◆ Supplied data:

=== Section Start ===

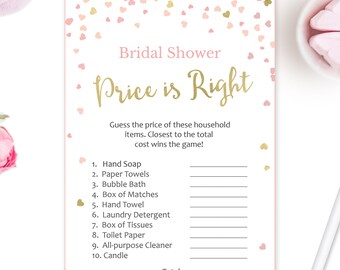 May include: A pink and gold bridal shower game called "Price is Right". The game asks guests to guess the price of 10 household items. The person who guesses closest to the total cost wins the game.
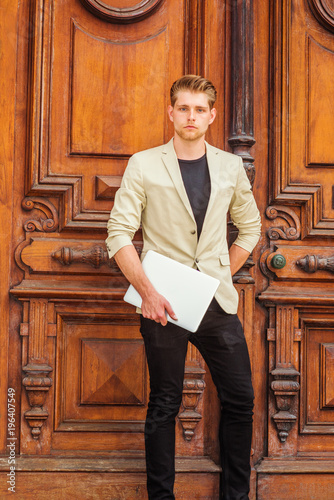 Young American Businessman with little beard working in New York, wearing beige blazer, black pants, holding laptop computer, standing by vintage office door, confidently looking forward..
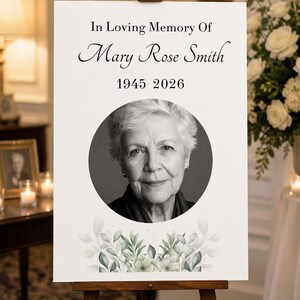 May include: A white memorial sign on a wooden easel featuring the text In Loving Memory Of Mary Rose Smith 1945 2026, a circular black and white portrait of an older person, and a watercolor illustration of green leaves at the bottom.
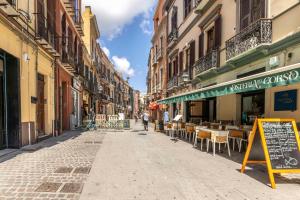 eine Straße in einer Stadt mit Tischen und Stühlen in der Unterkunft La Suite Cagliari - Cagliari centro in Cagliari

=== Section End ===

◆ Problem details: Starting at the line with "Young American Businessman" and stopping at the final line of the material, reproduce each line exactly, both ends included. Leave the pictures out.

◆ Your response:
 Young American Businessman with little beard working in New York, wearing beige blazer, black pants, holding laptop computer, standing by vintage office door, confidently looking forward..
 May include: A white memorial sign on a wooden easel featuring the text In Loving Memory Of Mary Rose Smith 1945 2026, a circular black and white portrait of an older person, and a watercolor illustration of green leaves at the bottom.
 eine Straße in einer Stadt mit Tischen und Stühlen in der Unterkunft La Suite Cagliari - Cagliari centro in Cagliari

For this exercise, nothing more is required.